Complaints about loud advertisements have been raised by television viewers since the 1960s. The absence of a federal law or rule that would prevent advertisers from blaring their commercials at volumes louder than the shows they sponsor is one of the great testaments to the difficulty to get much of anything done in telecommunications policy.
On Wednesday, the Senate Commerce Committee approved legislation introduced by Sen. Sheldon Whitehouse (D-R.I.) that would require the Federal Communications Commission to regulate the volume of television advertisements. That follows a measure introduced last year by Sens. Charles E. Schumer (D-NY) and John D. Rockefeller IV (D-W.Va.), would require the volume of television advertisements to be no louder than the volume of the program during which the advertisements appear.

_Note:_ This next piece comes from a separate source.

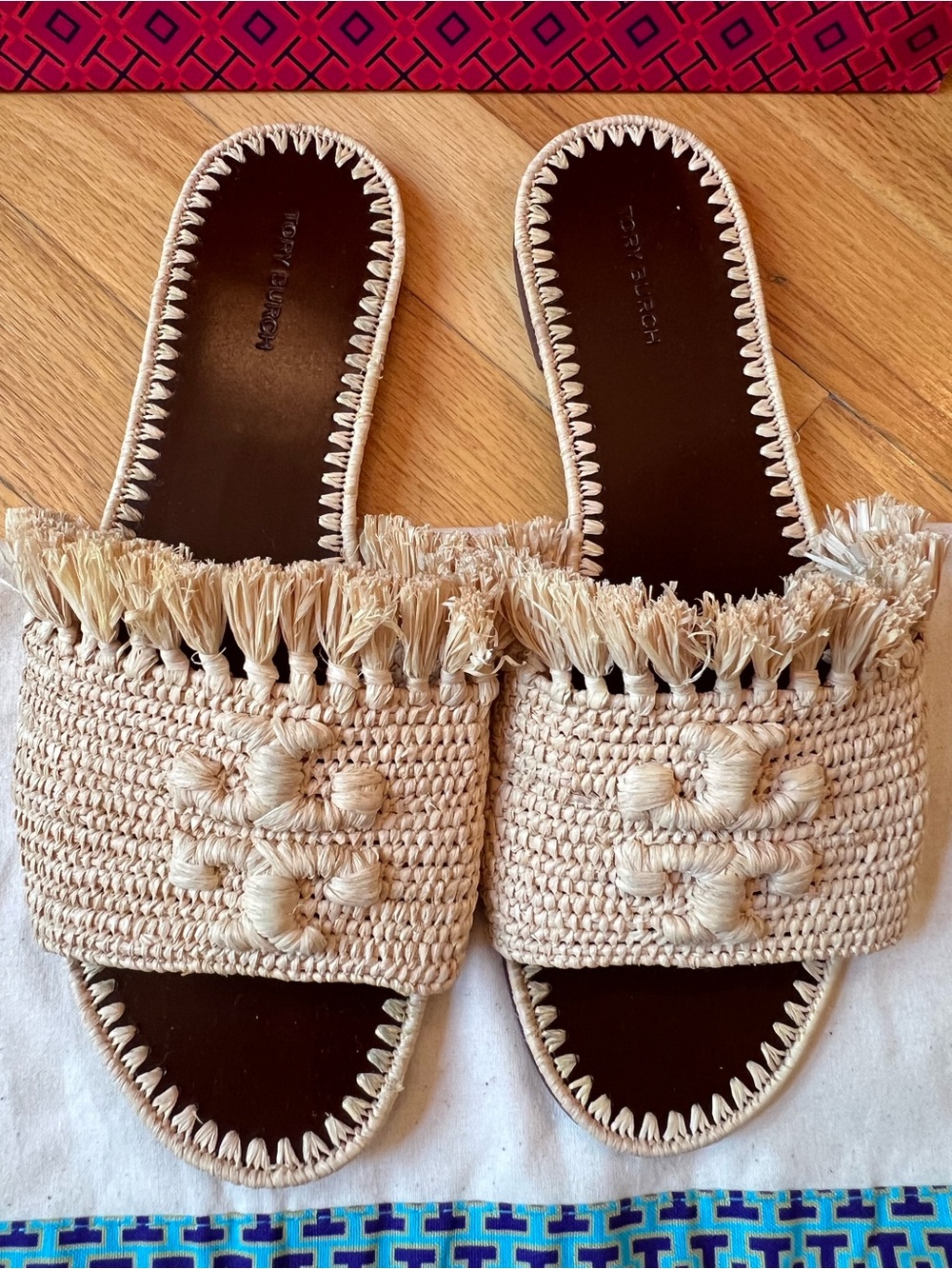 Tory Burch Natural Eleanor Raffia Slide Sandals - Picture 5 of 13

Whitehouse's bill will now move to the Senate floor for consideration by the full chamber. The legislative push against loud TV ads has been spearheaded by Rep. Anna Eshoo (D-Calif.), whose bill passed the House last December.
If passed, the legislation would put an end to the suddenly loud pitch of car salesmen and wonder drugs that interrupt television viewing, Whitehouse said.

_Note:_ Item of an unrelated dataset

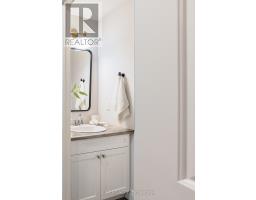 2180 YELLOWBIRCH PLACE - 18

“Every American has likely experienced the frustration of abrasively loud television commercials jumping out at you,” said Whitehouse in a statement. “This practice is designed to intentionally disturb our households to attract attention to the ad, and the American public has had enough.”
The committee said that the FCC has received consumer complaints about commercials being louder than television shows since the 1960s. In the 25 quarterly reports on consumer complaints released by the FCC since 2002, 21 have listed the loudness of television commercials as a top complaint.